Les féministes – et le système scolaire – poussent les filles vers des métiers masculins
« Mais deux ans plus tard, lorsque notre fille Izzy a demandé pourquoi elle devait perdre son temps à présenter trois matières scientifiques pour le GSCE [diplôme de fin d’études secondaires] alors qu’elle n’entendait nullement poursuivre une carrière dans le domaine des mathématiques ou de la science, la réaction était différente », dénonce la journaliste.
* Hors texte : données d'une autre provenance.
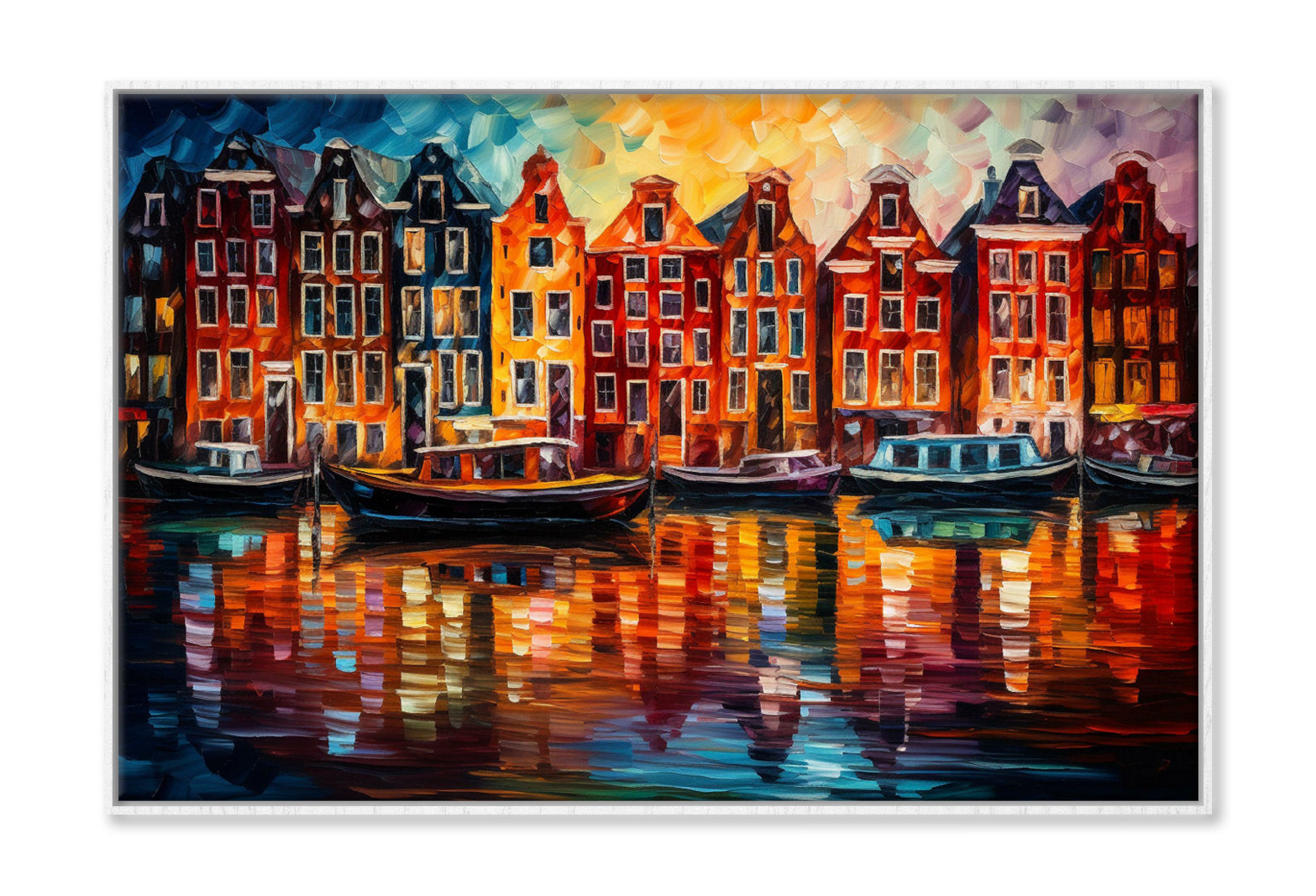 Amsterdam Boats Canals & Houses Oil Painting Wall Art Limited Edition High Quality Print Canvas Box Framed White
Ses amis lui ont assuré qu’Izzy avait le « devoir » de maîtriser les sujets qui ont été si longtemps l’apanage des hommes, sans compter que cela allait permettre à sa fille de trouver un poste mieux payé. Amis, famille, professeurs, tous ont dénoncé le laxisme de cette mère prête à justifier le choix de sujets « artistiques » d’Izzy, 12 ans, qui en préférant la littérature et l’histoire apportait la preuve que 2.000 ans de mauvaise éducation des filles avaient produit leur « triste » effet.
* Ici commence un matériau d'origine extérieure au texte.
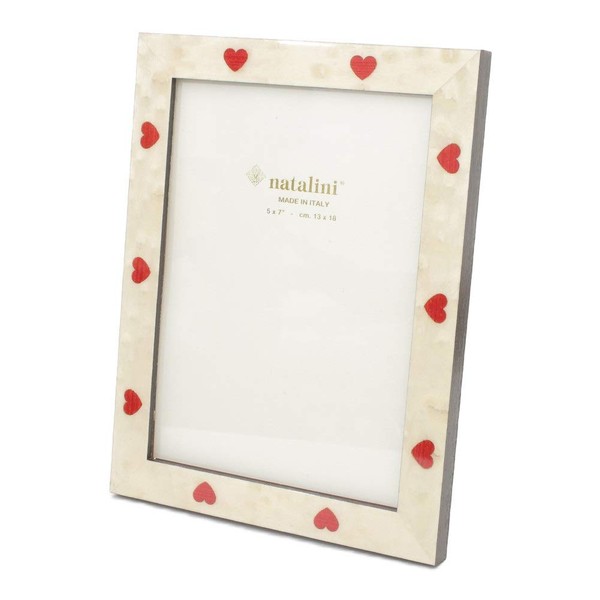 NATALINI Made in Italy Natalini Picture Frame Handmade Heart Red White Red White Interior Wooden Picture Holder, Wood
« Elle était la preuve vivante que les vieux stéréotypes sont encore en vigueur ; que les filles n’ont pas encore réussi à s’échapper du ghetto rose des sujets “soft”. En récusant les triangles isocèles et les brûleurs Bunsen, elle trahissait les suffragettes et Marie Curie », constate sa mère. Ironique, celle-ci note qu’elle n’aurait jamais dû encourager sa fille à lire et à écrire des histoires, mais faire comme ses amies : engager à prix d’or des répétiteurs de mathématiques à 60 livres de l’heure.
Empêcher les filles de faire ce qu’elles veulent parce que les études scientifiques valent mieux que les humanités
Bref, pour rendre service à l’humanité et avant tout aux femmes, il faut pousser les fillettes de 12 ans vers des métiers aujourd’hui dominés par la gent masculine, comme les sciences économiques, pour « changer le monde ». Les encourager à créer une start-up ou à devenir chercheur scientifique. Les humanités ? Un truc de filles… qu’il faut laisser aux garçons ?
Au bout du compte, on en est arrivé au point ou une fille qui fait un métier perçu comme féminin déchoit. « Le message me met mal à l’aide, et elle aussi : faire un travail d’homme est plus impressionnant que de faire un travail de femme », note Cristina Odone. Elle plaide pour qu’on cesse de mettre les filles sous pression.
Elle aurait pu ajouter que l’idéologie va toujours de pair avec la tyrannie.